### [Exercise aim]
Please reproduce all of the data below exactly, leaving each picture out.

### [Input data]

----

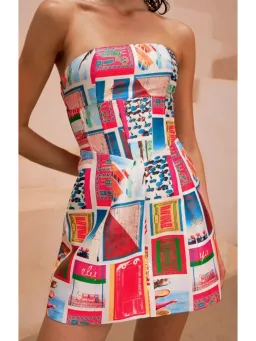 Eliya The Label Messina Dress in Print Size M / AU 10 for rent on The Volte - image 2
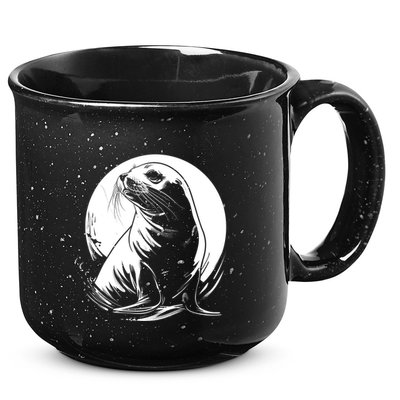 Seal Sea Lion Zookeeper Animal Gift 15oz Campfire Ceramic Mug
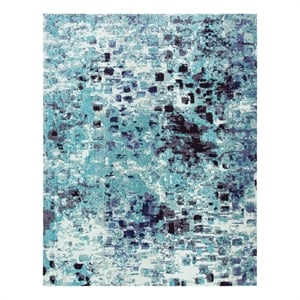 Safavieh Madison 9'-0&quot x 12'-0&quot Cotton Power Loomed Rug in Turquoise / Navy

----

### [Response for this exercise]
 Eliya The Label Messina Dress in Print Size M / AU 10 for rent on The Volte - image 2
 Seal Sea Lion Zookeeper Animal Gift 15oz Campfire Ceramic Mug
 Safavieh Madison 9'-0&quot x 12'-0&quot Cotton Power Loomed Rug in Turquoise / Navy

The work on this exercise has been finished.